Postmortem: unexpected JWT `iss` change

Incident report for the 2024-03-18 unexpected JWT `iss` change.
Sijie
SijieDeveloper
March 25, 20243 min read
Postmortem: unexpected JWT `iss` change

Summary

On 2024-03-18, an update changing JWT issuer behavior in Logto Cloud broke auth flows for users with custom domains and iss validation. The fix required these users to update their validation logic.

  • Affected users: users with custom domains enabled and performing iss validation.
  • Severity: Critical, breaking iss validation within auth flows.

Root cause

The update changed the iss field to match the requested domain, breaking existing validations that expected the previous default issuer.

Timeline

  • 2024-03-18 10:00 (UTC): updates deployed, changing iss behavior.
  • 2024-03-18 23:30 (UTC): first user report received on existing behavior breaking.
  • 2024-03-19 12:00 (UTC): confirmed the issue and started to investigate.
  • 2024-03-19 14:00 (UTC): identified the root cause and impact.
  • 2024-03-20 20:00 (UTC): prepared the email to affected users.
  • 2024-03-20 06:00 (UTC): sent emails to all the affected users.

Impact analysis

Details of the release

Logto Cloud supports custom domain for auth, developers who have custom domain enabled tenants can set the endpoint to the custom domain in SDKs, then the end user will use this endpoint to init auth process and get tokens. Some tokens are in the form of JWT, which includes a iss field indicating the issuer of this token. Previously, even when a custom domain endpoint was used to request an access token, the issuer would still default to our standard domain ([tenant-id].logto.app).

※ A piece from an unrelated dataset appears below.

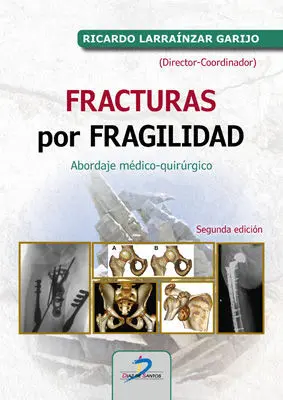 Fracturas por Fragilidad. Abordaje Medico Quirurgico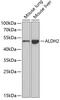 Aldehyde Dehydrogenase 2 Family Member antibody, GTX55502, GeneTex, Western Blot image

But the issuer’s domain should be the same as the requested endpoint. So we released an update to fix this issue, and now the iss field will automatically reflect the domain used in the request.

For those who are already using custom domain to grant tokens and implemented iss field validation in the resource server, this could be a breaking change. Existing auth check will fail because of the change of issuer. In order to fix this, the developers need to change the validation code, replace the expected issuer to the new one with custom domain.

We failed to fully consider the impact on existing iss validations, as a result, this release become a breaking change without priorer notification.

Resolution

Notified affected users via email, advising them to update their iss validation to match the requested domain.

Rollbacks?

The change is a necessary fix for the issuer field, and some users may have already adapted to the new behavior. A rollback will cause confusion and inconsistency.

Lessons learned

  • Code changes affecting core authentication must have sign-off by the team in addition to regular reviews.
  • Automatic tests should cover more cases, especially on cloud-specific scenarios.

Corrective and preventative measures

  • Add integration tests: Add test cases to cover the scenario in this incident.
  • Feature monitoring projects: In addition to Logto Cloud, create our own side projects and deeply integrate with Logto to catch potential issues before releases.